Data entries:
# # # # # # #

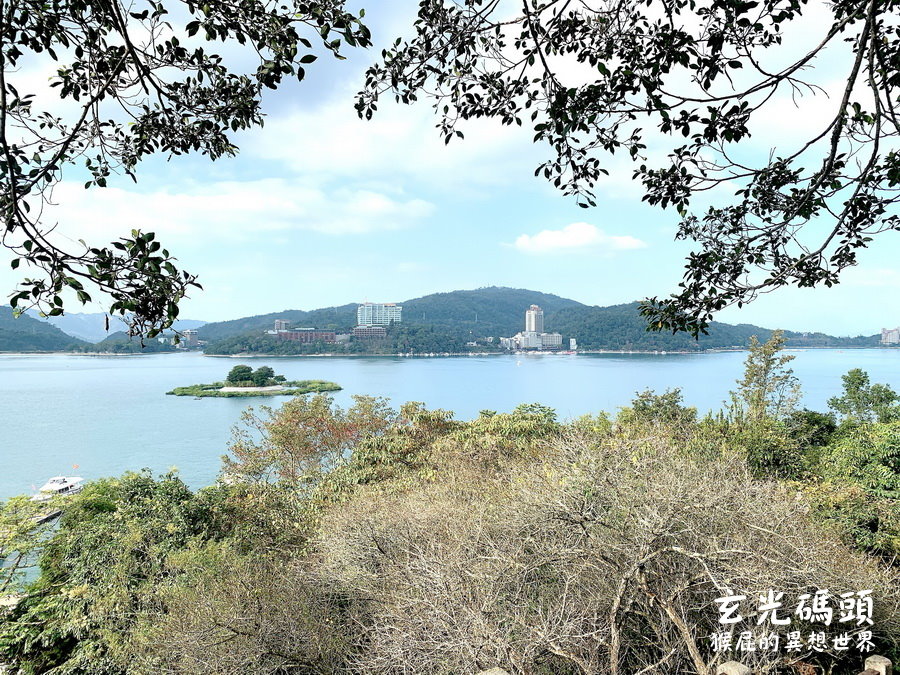 南投日月潭遊湖推薦，搭船去玄光碼頭(玄光寺)！必吃金盆阿嬤香菇茶葉蛋！內有日月潭船班資訊！ @猴屁的異想世界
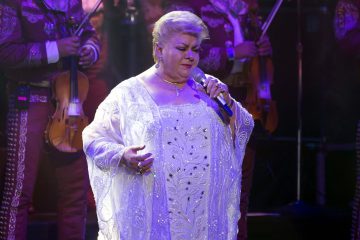 La cantante fue ingresada para tratarse un problema pulmonar que provocó la cancelación de una presentación que tenía prevista el fin de semana en Matamoros, estado mexicano de Tamaulipas.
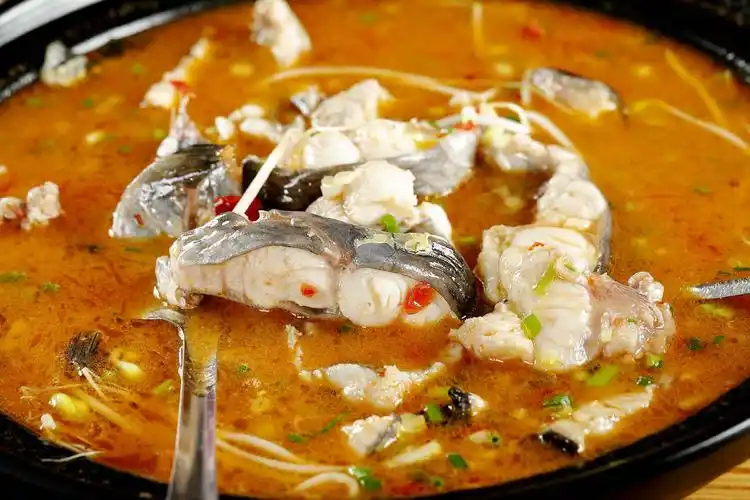 美食达人@牯岭街少年在朋友圈发了这样一条微信,吃货们一看就垂涎三尺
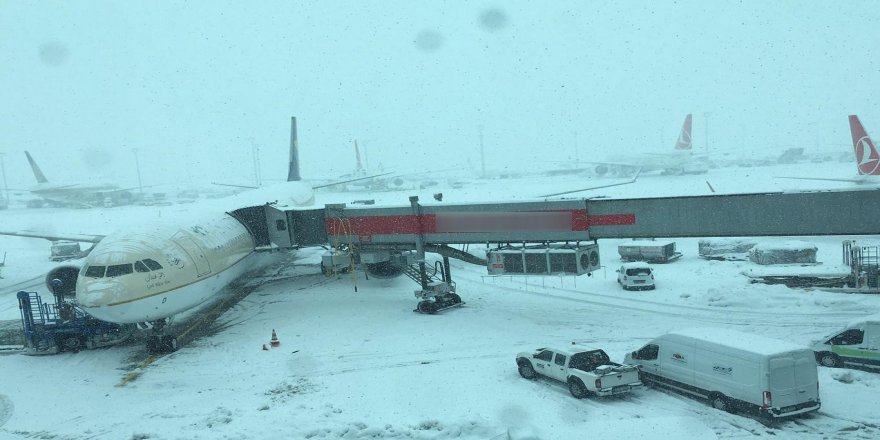 Atatürk Havalimanındaki uçuşlar iptal edildi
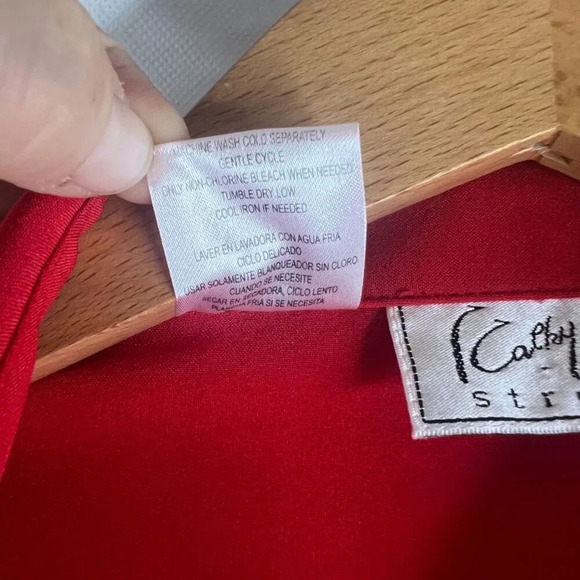 Kathy Che Stretch‎ Power Red 1/2 Sleeve Tab Button Front Blouse Sz 14 - Picture 8 of 9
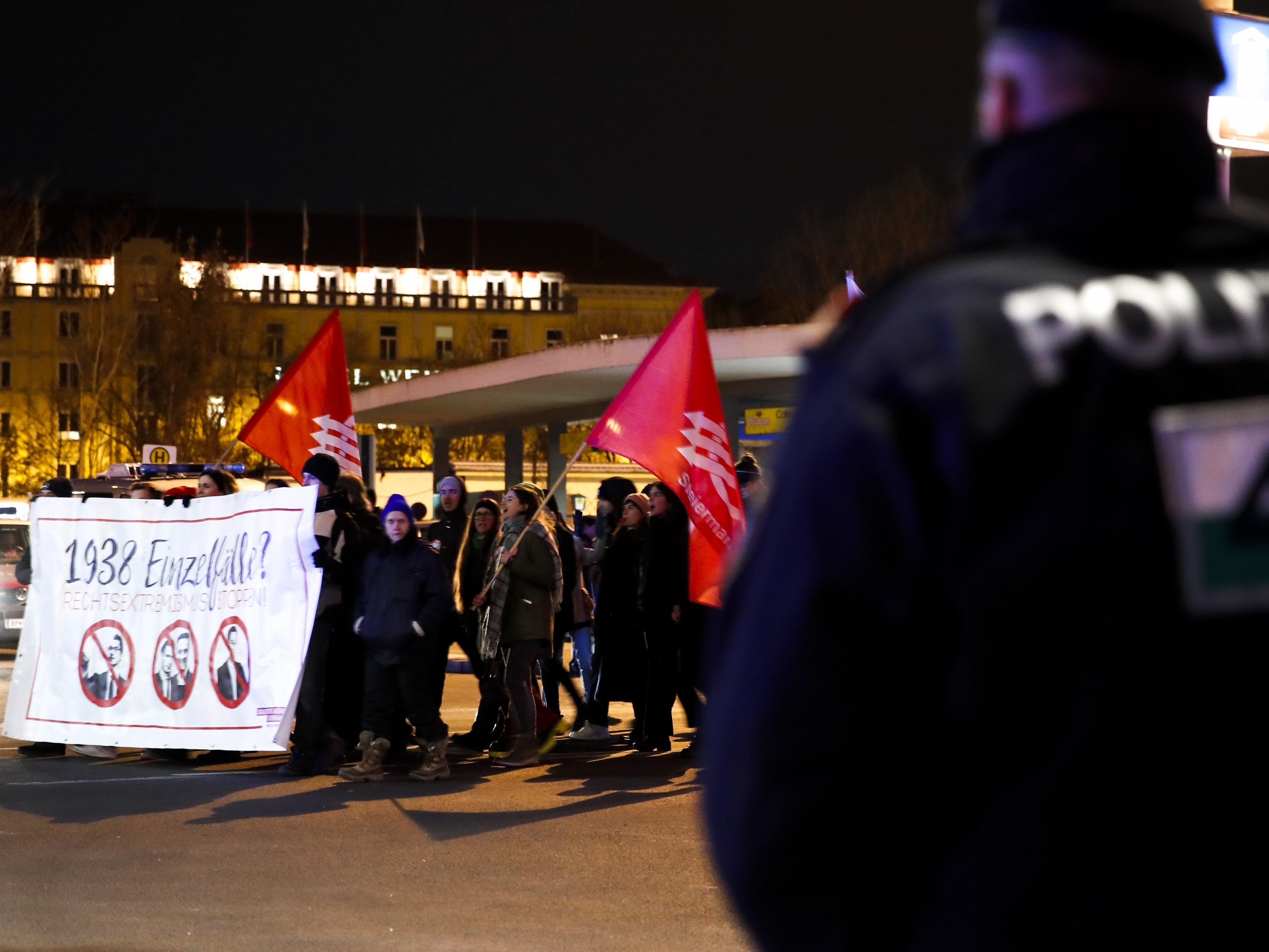 Die WK Wien richtet im Zuge der Akademikerball-Demo in Wien eine Hotline für Betriebe ein. Die WK Wien richtet im Zuge der Akademikerball-Demo in Wien eine Hotline für Betriebe ein.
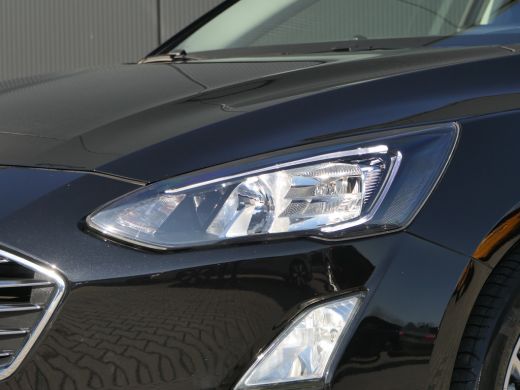 Ford FOCUS Wagon Ford 1.0 EcoBoost Hybrid Titanium X | 17 Inch | Elektrische Achterklep | Camera | Privacy Glass |... ActivLease financial lease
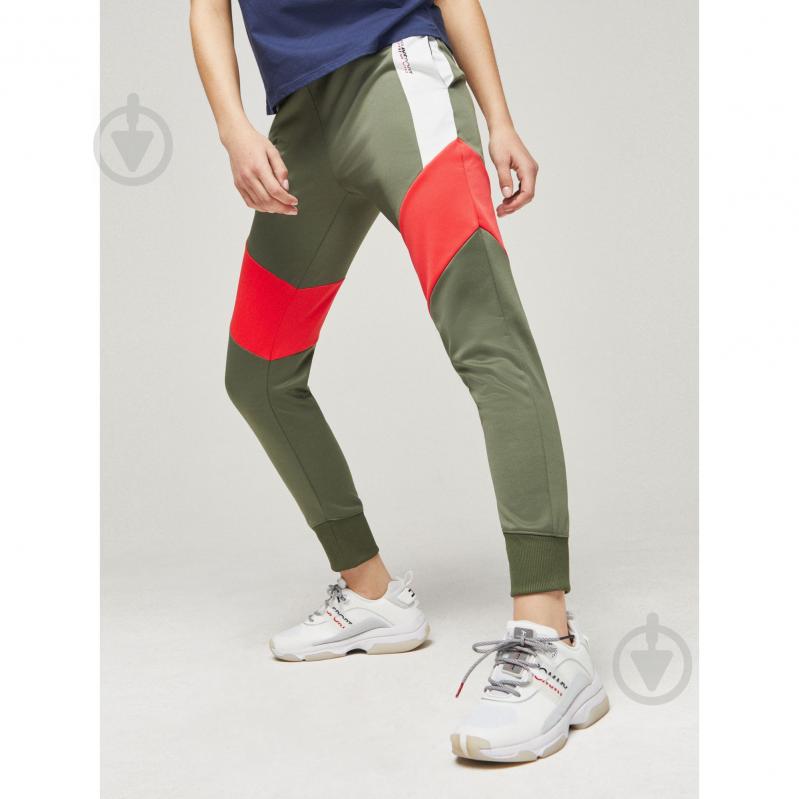 Брюки Tommy Hilfiger BLOCKED POLY PANT CUFF LOGO S10S100254302 р. L оливковый - фото 1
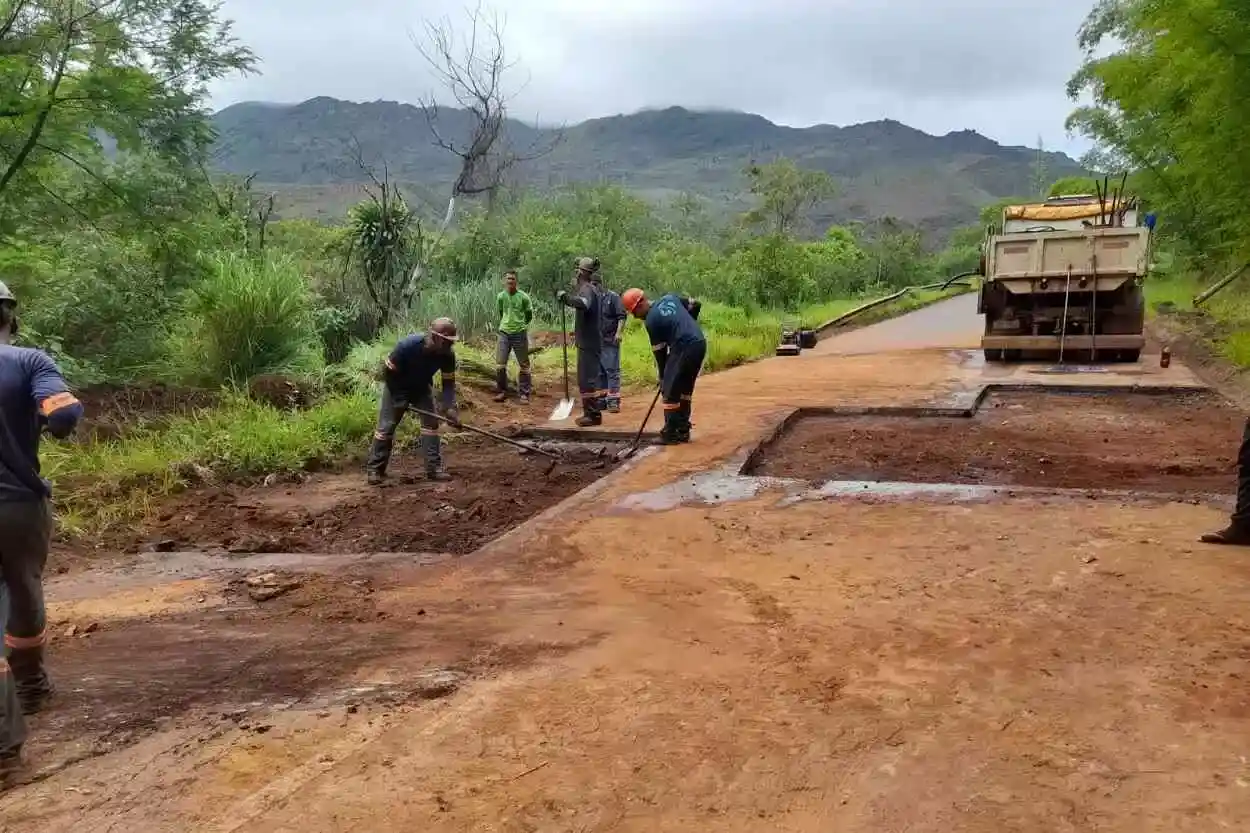 Situação do trecho próximo a Passagem de Mariana, às 10h desta sexta-feira (29), antes de colocação do material asfáltico no trecho reparado da rodovia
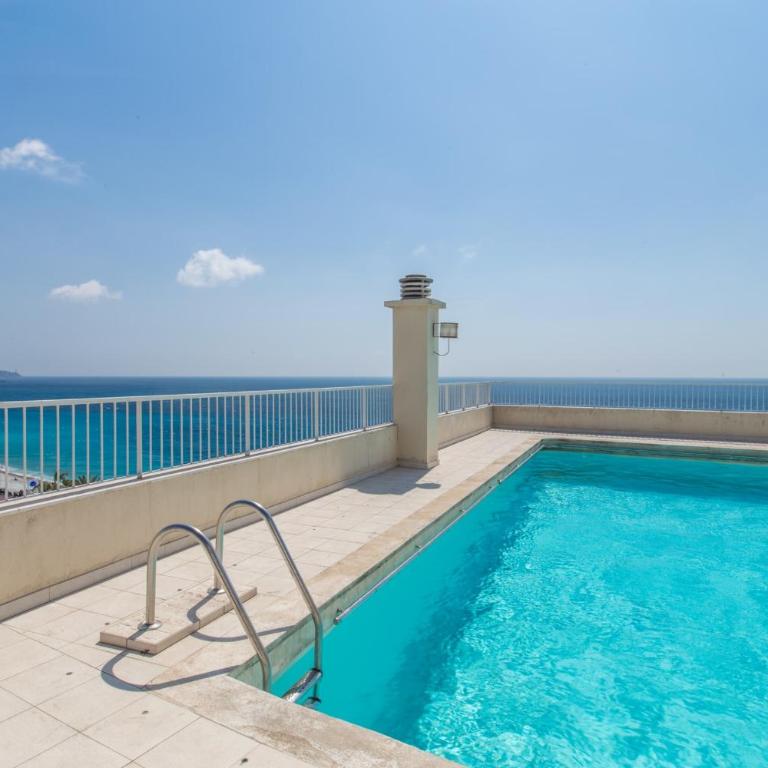 ROYAL PROMENADE Pool Terrace Sea View Air Conditioning - Studio - 58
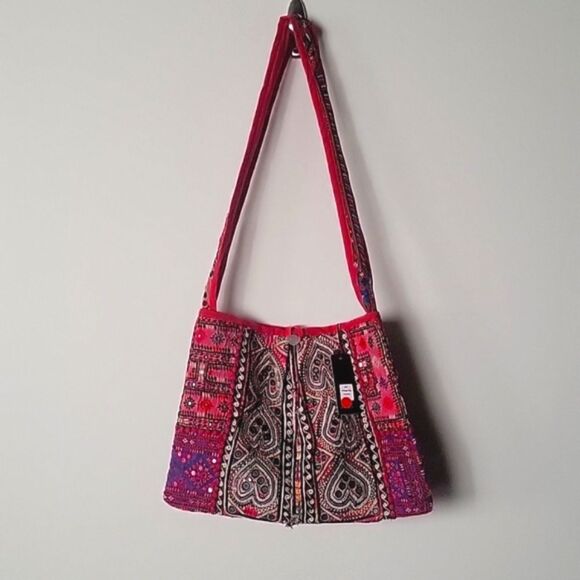 Anthropologie Tolani PatchWork Embroider Beaded Sequin Boho Batik Indian Bag Art - Picture 3 of 15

# # # # # # #

__EXERCISE GOAL__
Here the job is to print the data above exactly, except for any pictures.

__WRITTEN ANSWER__
 南投日月潭遊湖推薦，搭船去玄光碼頭(玄光寺)！必吃金盆阿嬤香菇茶葉蛋！內有日月潭船班資訊！ @猴屁的異想世界
 La cantante fue ingresada para tratarse un problema pulmonar que provocó la cancelación de una presentación que tenía prevista el fin de semana en Matamoros, estado mexicano de Tamaulipas.
 美食达人@牯岭街少年在朋友圈发了这样一条微信,吃货们一看就垂涎三尺
 Atatürk Havalimanındaki uçuşlar iptal edildi
 Kathy Che Stretch‎ Power Red 1/2 Sleeve Tab Button Front Blouse Sz 14 - Picture 8 of 9
 Die WK Wien richtet im Zuge der Akademikerball-Demo in Wien eine Hotline für Betriebe ein. Die WK Wien richtet im Zuge der Akademikerball-Demo in Wien eine Hotline für Betriebe ein.
 Ford FOCUS Wagon Ford 1.0 EcoBoost Hybrid Titanium X | 17 Inch | Elektrische Achterklep | Camera | Privacy Glass |... ActivLease financial lease
 Брюки Tommy Hilfiger BLOCKED POLY PANT CUFF LOGO S10S100254302 р. L оливковый - фото 1
 Situação do trecho próximo a Passagem de Mariana, às 10h desta sexta-feira (29), antes de colocação do material asfáltico no trecho reparado da rodovia
 ROYAL PROMENADE Pool Terrace Sea View Air Conditioning - Studio - 58
 Anthropologie Tolani PatchWork Embroider Beaded Sequin Boho Batik Indian Bag Art - Picture 3 of 15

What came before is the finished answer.